MATERIAL FOR THIS TASK below:
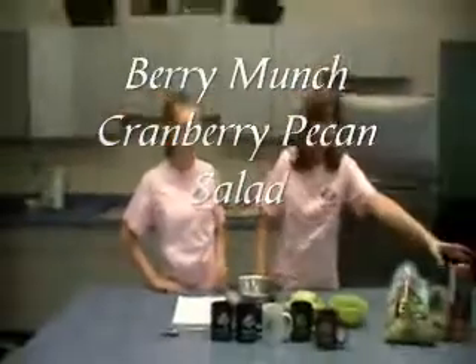I'm Haley, I'm Alyssa, and welcome to the One Minute Cooking Show. Today we're going to be making a cranberry pecan salad.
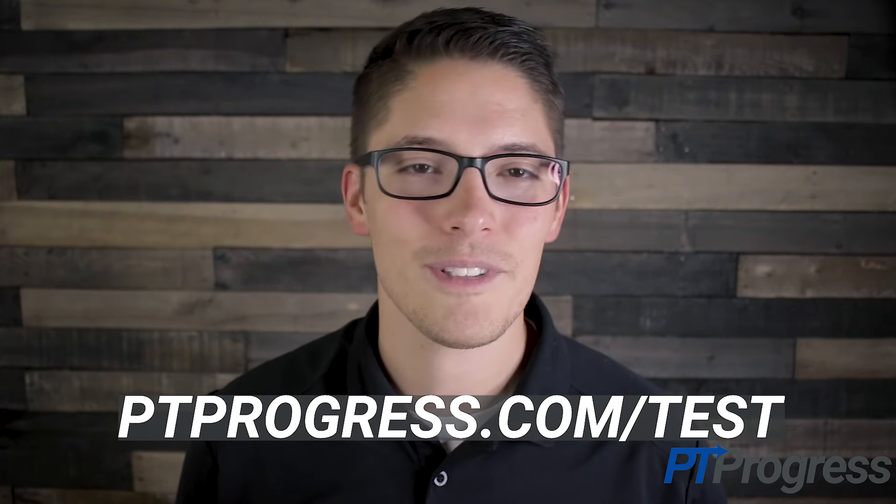For more information about the McMurray test and other special tests, visit ptprogress.com/test.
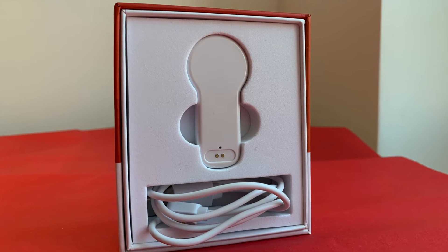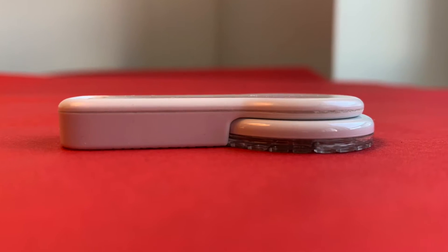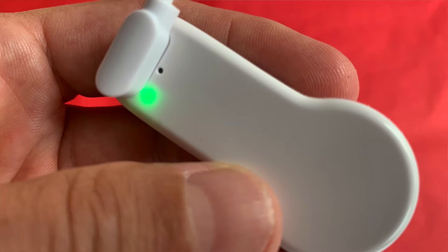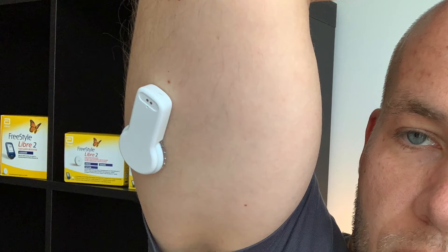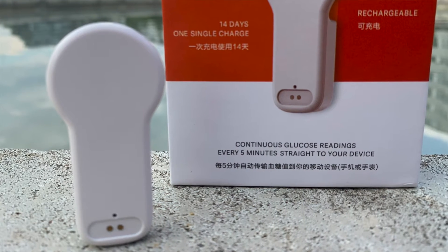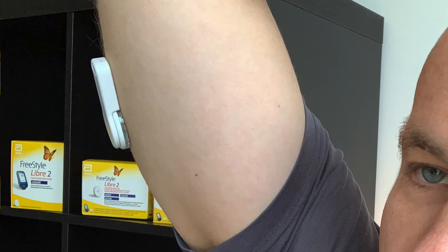Meow Meow 2 works with all types of Freestyle Libre sensors and uses an app called Tomato. The biggest difference between the first and second generation is in design. Meow Meow 2 is smaller, slimmer, a little bit lighter, and should provide more reliable connection to your sensor and your phone. It looks like a tiny spoon and has a bigger contact area with the sensor so the transmitter stays in place much better. The color is something between white and soft gray, matte, which actually looks pretty cool and very modern. Meow Meow 2 weighs only 6 grams, which is 2 grams less than the first generation.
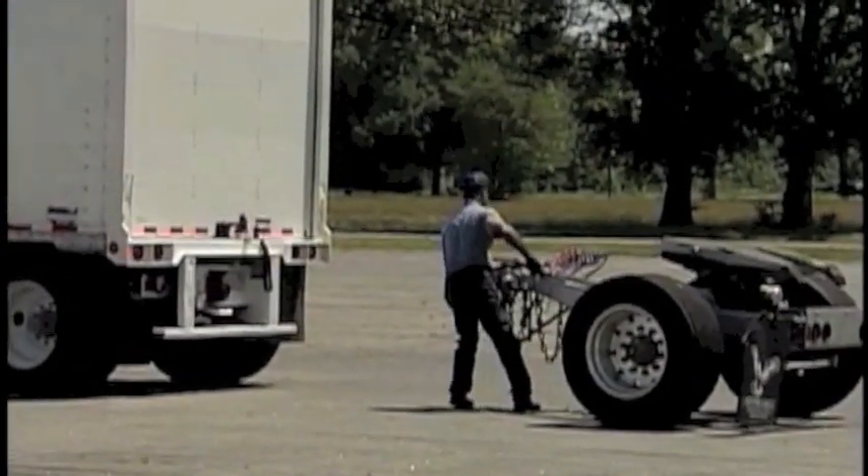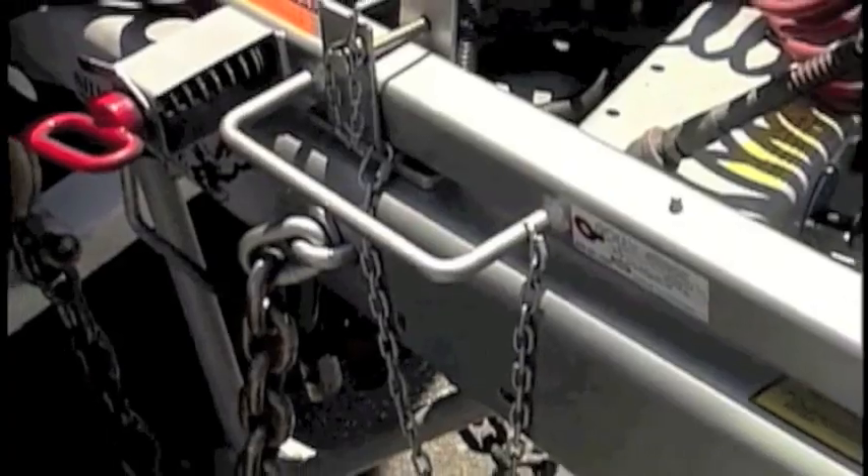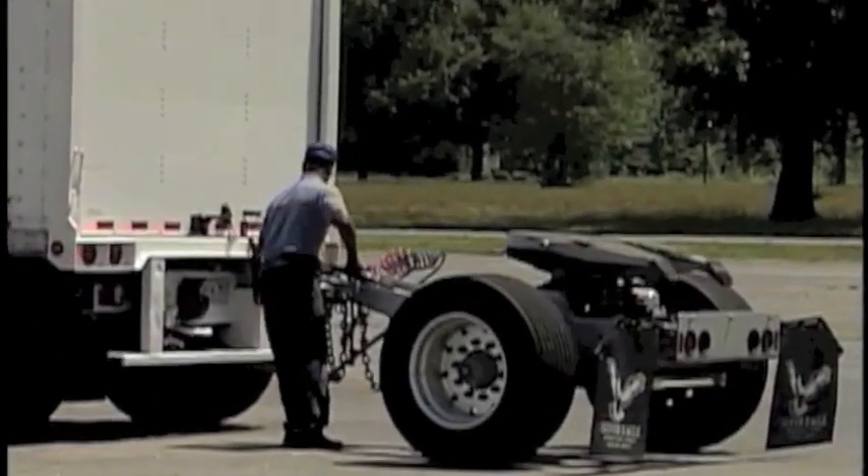The Express Converter Tool is attached to the converter dolly and is equipped with a handle to assist the driver in maneuvering the dolly safely.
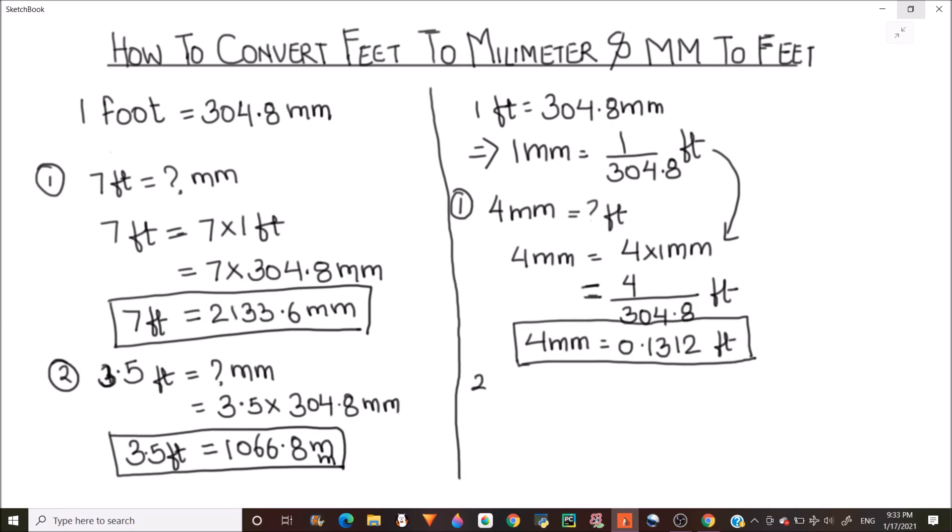Let's take one more example: how much is 5.5 millimeters in feet? We divide 5.5 by 304.8, which gives us 0.0180 feet.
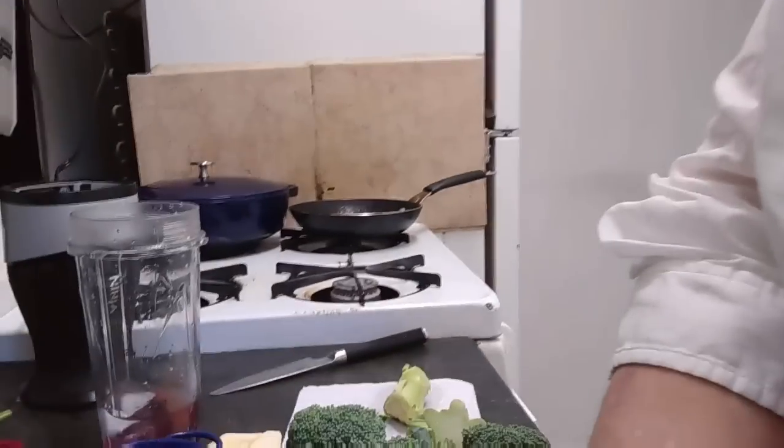My only New Year's resolution is to get healthy, and I'm not going to go all out and join a gym and do all that kind of stuff. But my goal is to drink a smoothie every day and then go for a walk. I'm just taking little steps at a time to improve my health. So I'll show you how I make my green smoothie.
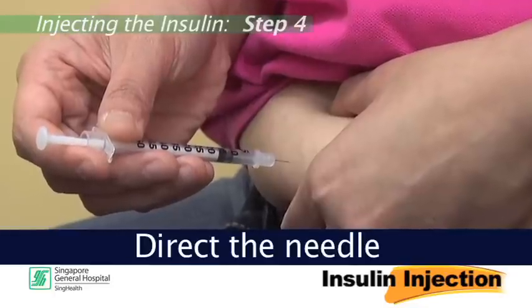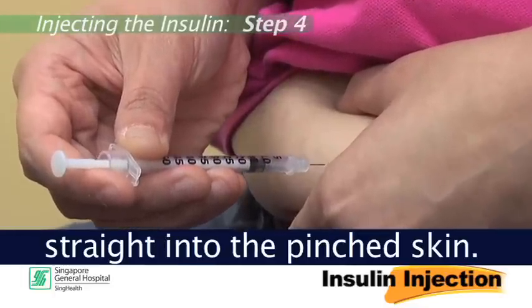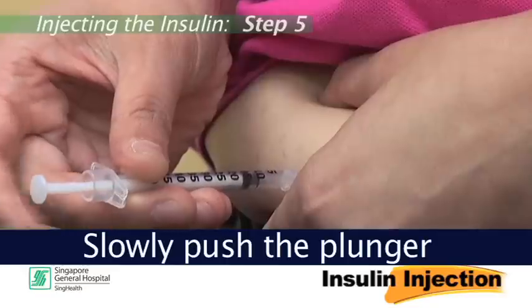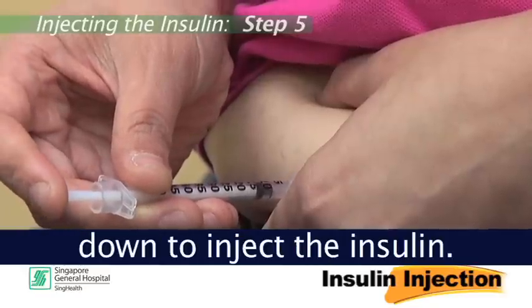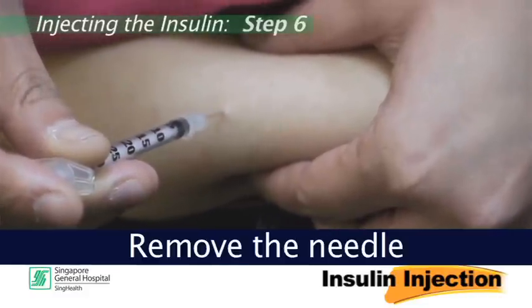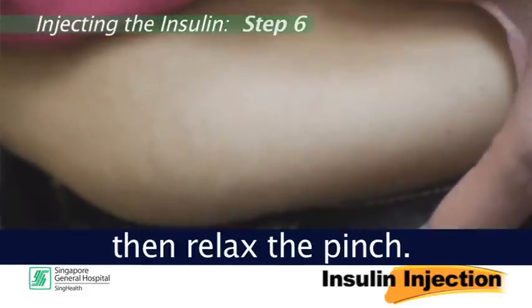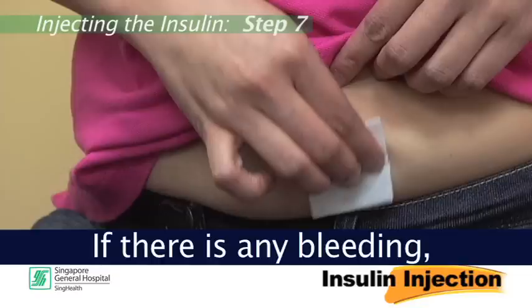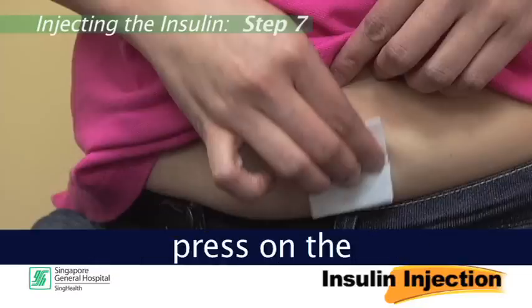Step 4: Direct the needle straight into the pinched skin. Step 5: Slowly push the plunger down to inject the insulin. Step 6: Remove the needle, then relax the pinch. Step 7: If there is any bleeding, press on the injection site. Do not rub.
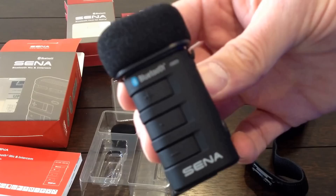I'll make some other videos on how all this stuff connects up. This is just the unboxing — hope you enjoyed it. Please subscribe and like the video below. Thanks.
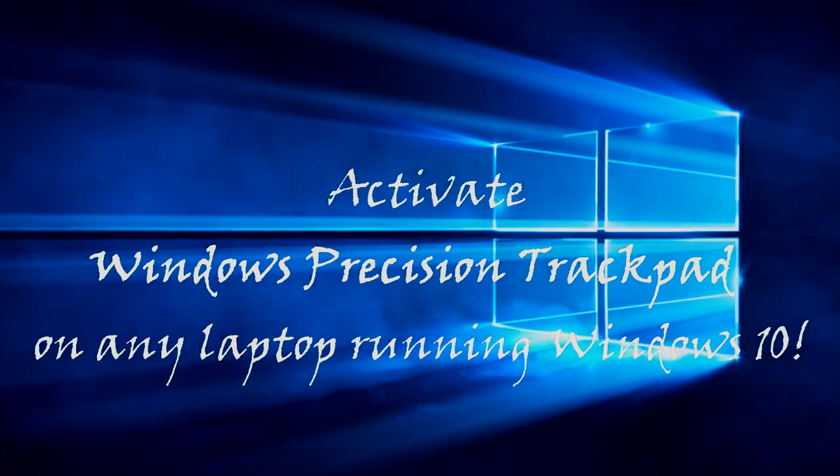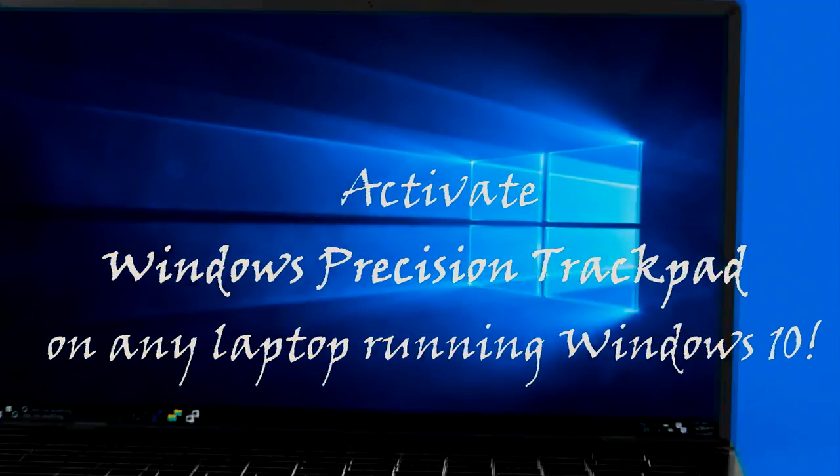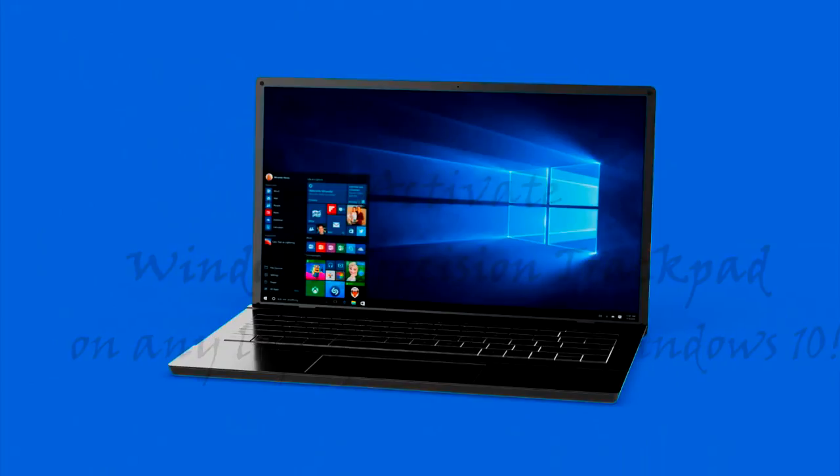Windows 10 got even better with the Fall Creators Update, but one useful feature that may or may not be active on your old or new Windows laptop running Windows 10 is the new Windows Precision Trackpad. This makes your boring trackpad more useful and allows Windows 10 gestures. Here's how you can activate Windows Precision Trackpad on any laptop running Windows 10.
End of MATERIAL FOR THIS TASK.
__WHAT TO PRODUCE__.
Could you set down exactly, and only, the lines from the line containing "Step 4: Direct" through the last line of the records, both included, without the pictures?

__THE COMPLETED TASK__.
Step 4: Direct the needle straight into the pinched skin. Step 5: Slowly push the plunger down to inject the insulin. Step 6: Remove the needle, then relax the pinch. Step 7: If there is any bleeding, press on the injection site. Do not rub.
I'll make some other videos on how all this stuff connects up. This is just the unboxing — hope you enjoyed it. Please subscribe and like the video below. Thanks.
Windows 10 got even better with the Fall Creators Update, but one useful feature that may or may not be active on your old or new Windows laptop running Windows 10 is the new Windows Precision Trackpad. This makes your boring trackpad more useful and allows Windows 10 gestures. Here's how you can activate Windows Precision Trackpad on any laptop running Windows 10.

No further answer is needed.